Drug court secures federal grant
The Barry County Drug Court has received some very welcome news. After functioning for two and a half years without state or federal funding, the local program has been awarded a substantial federal grant that will allow the program to expand over the next three years.
The United States Substance Abuse and Mental Health Services Administration (SAMHSA) grant award totals $950,000 and includes funding for both the Barry and Stone County Drug Court programs. The Barry County portion of the grant comes to $110,000 to $125,000 per year for a total of $375,000 in funding. Only eight SAMHSA grants were awarded in the United States this year.
"We are thrilled to be awarded this grant," said Barry County Associate Circuit Judge Victor Head. "This will enable our program to build upon the tremendous community support we have enjoyed and expand our program to better serve Barry County."
Since the Barry County Drug Court began operating in May of 2008, the program has relied on local grants, fundraisers and assistance from generous community members.
A total of 23 participants have been accepted into Barry County Drug Court, and six individuals have graduated from the intensive program, which on average takes 18 months to complete.
Currently, the local Drug Court serves 15 participants. Under the provisions of the grant, participation in the program is expected to expand by 200 percent to 60 participants over the next three years.
Stone County Drug Court was formed in 2004 as a pilot program for the 39th Judicial Circuit, which include Stone, Barry and Lawrence counties. Over the past six years, the program has admitted over 150 persons, graduated over 60 and presently serves 45 participants.
"Since May of 2008, we have had to keep our participant numbers below what we wanted, because we had no operating budget to work from," said Barry County Prosecutor Johnnie Cox, who is a member of the Barry County Drug Court planning team and guiding force behind the creation of the program.

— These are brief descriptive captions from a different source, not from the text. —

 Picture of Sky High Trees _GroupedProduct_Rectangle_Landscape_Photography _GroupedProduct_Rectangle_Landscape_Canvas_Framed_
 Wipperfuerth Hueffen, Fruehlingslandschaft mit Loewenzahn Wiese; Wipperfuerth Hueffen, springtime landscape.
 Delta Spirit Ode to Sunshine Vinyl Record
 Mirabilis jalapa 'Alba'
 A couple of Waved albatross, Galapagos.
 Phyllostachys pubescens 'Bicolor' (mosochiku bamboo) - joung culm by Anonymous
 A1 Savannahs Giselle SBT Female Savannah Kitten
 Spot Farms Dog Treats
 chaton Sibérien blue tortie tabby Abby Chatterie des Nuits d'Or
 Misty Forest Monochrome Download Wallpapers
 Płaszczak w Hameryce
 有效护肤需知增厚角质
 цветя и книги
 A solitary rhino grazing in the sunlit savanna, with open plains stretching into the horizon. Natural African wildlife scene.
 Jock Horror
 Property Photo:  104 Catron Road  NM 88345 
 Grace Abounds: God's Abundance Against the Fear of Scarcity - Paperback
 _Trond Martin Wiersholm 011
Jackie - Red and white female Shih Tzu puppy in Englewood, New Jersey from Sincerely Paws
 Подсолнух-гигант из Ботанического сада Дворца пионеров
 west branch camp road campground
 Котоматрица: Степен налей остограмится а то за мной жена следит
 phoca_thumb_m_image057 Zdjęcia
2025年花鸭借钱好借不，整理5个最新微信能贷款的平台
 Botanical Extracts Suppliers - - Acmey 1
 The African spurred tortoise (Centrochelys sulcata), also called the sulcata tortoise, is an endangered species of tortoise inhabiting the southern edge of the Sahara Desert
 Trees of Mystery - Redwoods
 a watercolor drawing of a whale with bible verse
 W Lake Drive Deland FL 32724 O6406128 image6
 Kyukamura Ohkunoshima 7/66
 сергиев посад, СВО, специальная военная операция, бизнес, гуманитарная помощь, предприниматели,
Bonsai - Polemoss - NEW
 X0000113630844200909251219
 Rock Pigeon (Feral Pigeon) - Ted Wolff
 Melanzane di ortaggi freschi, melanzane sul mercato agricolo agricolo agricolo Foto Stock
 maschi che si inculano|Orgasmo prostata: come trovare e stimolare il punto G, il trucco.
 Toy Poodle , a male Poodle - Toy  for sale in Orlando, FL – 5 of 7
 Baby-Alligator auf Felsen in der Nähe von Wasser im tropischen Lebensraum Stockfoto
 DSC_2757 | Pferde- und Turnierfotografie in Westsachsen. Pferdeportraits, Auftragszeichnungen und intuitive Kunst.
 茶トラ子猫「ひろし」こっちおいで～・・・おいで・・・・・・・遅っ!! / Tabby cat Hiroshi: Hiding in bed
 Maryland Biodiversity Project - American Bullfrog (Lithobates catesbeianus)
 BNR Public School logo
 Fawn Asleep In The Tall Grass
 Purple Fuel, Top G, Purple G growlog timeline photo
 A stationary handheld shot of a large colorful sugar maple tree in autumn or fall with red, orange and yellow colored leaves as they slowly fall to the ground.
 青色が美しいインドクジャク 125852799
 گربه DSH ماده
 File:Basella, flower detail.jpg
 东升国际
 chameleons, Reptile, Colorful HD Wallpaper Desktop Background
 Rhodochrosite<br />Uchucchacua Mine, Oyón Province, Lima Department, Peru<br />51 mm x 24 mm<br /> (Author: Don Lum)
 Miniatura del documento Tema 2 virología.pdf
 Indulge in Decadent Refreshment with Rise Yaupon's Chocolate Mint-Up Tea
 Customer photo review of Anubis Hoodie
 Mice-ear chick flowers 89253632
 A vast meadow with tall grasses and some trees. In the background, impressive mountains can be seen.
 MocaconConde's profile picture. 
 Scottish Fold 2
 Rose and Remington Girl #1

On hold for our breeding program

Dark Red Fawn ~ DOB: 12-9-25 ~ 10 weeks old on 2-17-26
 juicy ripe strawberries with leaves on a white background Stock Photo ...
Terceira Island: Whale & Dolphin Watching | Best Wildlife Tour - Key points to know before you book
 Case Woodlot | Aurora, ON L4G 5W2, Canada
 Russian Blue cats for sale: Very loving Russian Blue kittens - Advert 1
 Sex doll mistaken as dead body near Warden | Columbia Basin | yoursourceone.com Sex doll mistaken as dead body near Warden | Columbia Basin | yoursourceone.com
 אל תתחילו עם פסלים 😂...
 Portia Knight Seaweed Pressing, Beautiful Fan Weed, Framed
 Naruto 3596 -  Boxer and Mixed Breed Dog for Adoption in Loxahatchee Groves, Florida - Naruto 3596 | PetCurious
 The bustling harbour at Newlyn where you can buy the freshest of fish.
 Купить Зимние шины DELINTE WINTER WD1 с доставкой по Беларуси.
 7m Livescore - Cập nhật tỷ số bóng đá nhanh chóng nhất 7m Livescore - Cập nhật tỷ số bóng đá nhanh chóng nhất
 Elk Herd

"We are extremely grateful to the Barry County community for their overwhelming support of the program and our efforts to give individuals an opportunity to change and improve their lives and make Barry County a better place to live," Cox added.
Other members of the Barry County Drug Court team in addition to Judge Head and Cox include: Drug Court Coordinator Cindy Puryear; treatment provider Earl Best; Probation and Parole Officer Nancy Foulke; Barry County Sheriff's Deputy Brian Landreth; Cassville Police Chief Dana Kammerlohr, attorney Don Trotter; and Lisa Schlichtman, media coordinator.
SAMHSA has awarded grants to select drug court programs across the United States for many years for the purpose of expanding program capacity, studying how the programs function and evaluating their effectiveness. The grant received by the Barry County Drug Court provides funding in three primary areas: treatment and testing; staff training; and program evaluation and research.
Over a decade of research shows drug courts provide a cost-effective alternative to traditional prosecution and incarceration of nonviolent offenders with substance abuse problems. Drug court actively intervenes to break the cycle of substance abuse, addiction and crime. Offenders learn to change their behavior through substance abuse treatment, frequent drug testing and intensive court supervision.
According to members of the Barry County Drug Court team, community involvement and support has contributed to the court's ability to bring the program to where it is today and ongoing support remains essential to ensuring the program experiences continued success.
"We promise the taxpayers that this money will be used wisely and efficiently, and we will do everything we can to show positive results," said Cox. "We will also continue to see community support and won't soon forget all the gracious help we have received."